Ellis declined to discuss the property owners involved, other than to say “there’s not many of them,” and most are represented by individual or family farms.
As part of lining up an alliance, Ellis has letters of support for Columbia’s plan from Congressman Mike Bost, R-Murphysboro, and from state Rep. Jerry Costello II, D-Smithton.
Ironically, Costello’s father, former U.S. Rep. Jerry Costello, was supportive of seeing an overpass in Dupo, not Columbia.
“We’ve also asked for priority consideration from East-West Gateway (Council of Governments) and from IDOT,” Ellis said. “We’ve met with Leadership Council (of Southwestern Illinois). We’ve met with Rich Sauget — both of them (the mayor of Sauget and his businessman father).
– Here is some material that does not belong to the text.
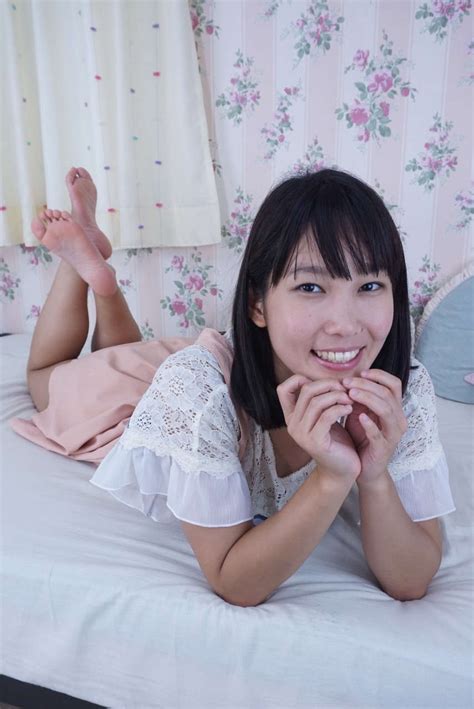 Yui Kasugano Feet Photos Feet Wiki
I don’t think there’s anyone in a leadership capacity who doesn’t know Columbia is wanting to do this.”
Ellis said he is “pretty well convinced if somebody wrote a check tomorrow we could have the interchange underway in three years.” But more practically it’s probably a three- to five-year development plan, he said.
The current Fish Lake overpass is familiar to southbound drivers along Interstate 255. Just as they pass Illinois Route 3’s cutoff to Columbia, the overpass looms straight ahead, about halfway between the cutoff and the Jefferson Barracks Bridge.
Columbia has also suggested to IDOT another use for the interchange — that being as a connection point for the Gateway Connector, a road long sought by the state as an east-west route from near Scott Air Force Base to the Mississippi River. The connector has long been mired in political and financial challenges, but if it were ever built, having it connect up at a new interchange would take the alignment further to the west and away from other development now under way in Columbia, Ellis said.